According to another aspect of the present disclosure, a gas lift gas preparation system includes a gas lift gas recovery system for recovering gas lift gas from well production fluid, and a gas compression system for compression of recovered gas lift gas. The gas lift gas recovery system may include an inlet separator system configured to receive production fluid for separation of liquids therefrom to recover gas lift gas, the inlet separator system may include at least one separator vessel for receiving production fluid from a well and separating liquids from gas within the production fluid; a charge system which may include a high pressure (HP) leg for holding an HP portion of fluid and a low pressure (LP) leg for holding an LP portion of fluid, and may include a liquid inlet for selective communication with the inlet separator system to receive liquids; and a sump system for holding liquids from at least one of the inlet separator system and the charge system, the sump system may include a sump vessel arranged for selective communication with the charge system to transfer vaporous release to the charge system. In some embodiments, the gas lift gas recovery system may include a control system for operation to conduct selective communication of fluids. The control system may be configured to selectively communicate the sump system with at least one of the inlet separator systems and the charge system to transfer liquids to the sump system. In some embodiments, the gas compression system may compress recovered gas lift gas from the inlet separator system. The gas compression system may include at least one compressor arranged for communication with the inlet separator system to receive recovered gas lift gas, and in communication to provide compressed gas lift gas for gas lift.

In some embodiments, the gas compression system may be arranged in selective communication with the gas lift gas recovery system to transfer liquid to the gas lift gas recovery system. The gas compression system may be arranged in selective communication with the charge system to transfer liquid to the charge system. The gas compression system may be arranged in selective communication with the LP leg of the charge system to transfer LP liquids to the LP leg.

In some embodiments, the gas compression system may include an inlet scrubber arranged in selective communication with the LP leg of the charge system to transfer LP liquids. The gas compression system may be arranged in selective communication with the HP leg of the charge system to transfer HP liquids. In some embodiments, the gas compression system may include at least one interstage scrubber arranged in selective communication with the HP leg of the charge system to transfer HP liquids. The at least one interstage scrubber may be arranged between different stages of compression of the gas compression system.

In some embodiments, the gas lift gas recovery system may be mounted on a skid. The gas compression system may not be mounted on the skid.
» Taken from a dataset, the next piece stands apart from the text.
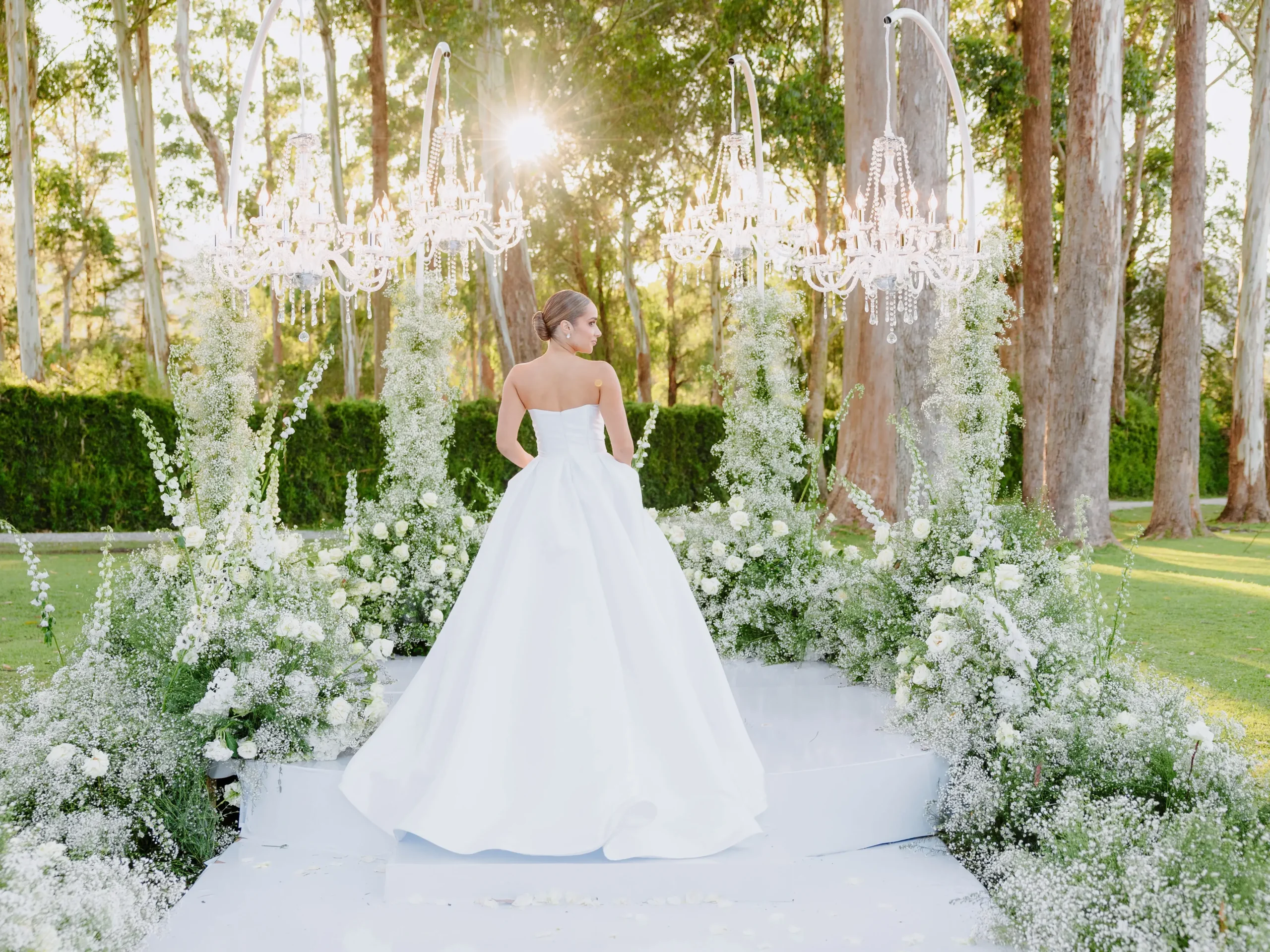 Saray & Victor destination wedding celebration captured by Prana Weddings in Colombia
In some embodiments, the gas lift gas preparation system may further include a methane recovery system for recovering hydrocarbon gas. The methane recovery system may include a methane recovery compressor for increasing pressure of recovered gas. The methane recovery system may be configured to receive ultra low pressure methane gas emissions from the gas compression system for recovery compression.

In some embodiments, pressurized gas from the methane recovery compressor may be provided to the inlet separator for combination with recovered gas lift gas. The methane recovery system may include a cooling system. The cooling system may include a heat transfer fluid circulating in thermal communication to remove heat from the methane recovery system and provide recovered heat to the sump system. In some embodiments, the sump system may include a heat exchanger arranged to provide thermal communication between the heat transfer fluid and the sump vessel to provide heat to the liquids within the sump vessel for encouraging vaporization.
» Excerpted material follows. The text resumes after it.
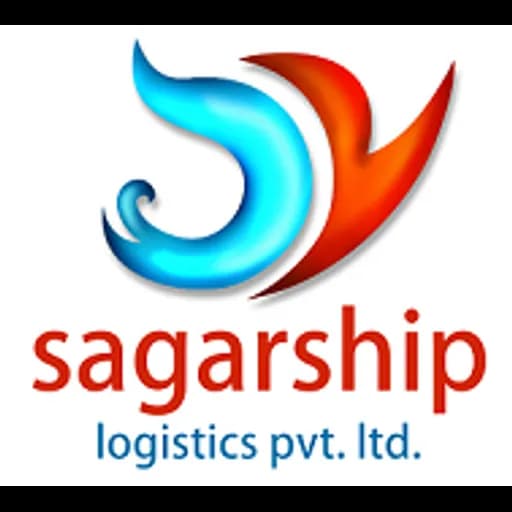 Mumbai - Sagarship Logistics Pvt. Ltd. (Mumbai, Head Office) logo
In some embodiments, the sump system may be arranged in selective communication with a liquid recovery path. The liquid recovery path may include a pipeline to off-site storage reserve. The liquid recovery path may include a transport fill terminal for communication with transport storage vessels.

Additional features of the present disclosure will become apparent to those skilled in the art upon consideration of illustrative embodiments exemplifying the best mode of carrying out the disclosure as presently perceived.

While methods, systems and devices are described herein by way of examples and embodiments, those skilled in the art recognize the methods, systems and devices are not limited to the embodiments or drawings described. It should be understood that the drawings and description are not intended to be limited to the particular form disclosed. Rather, the intention is to cover all modifications, equivalents and alternatives falling within the spirit and scope of the appended claims and description.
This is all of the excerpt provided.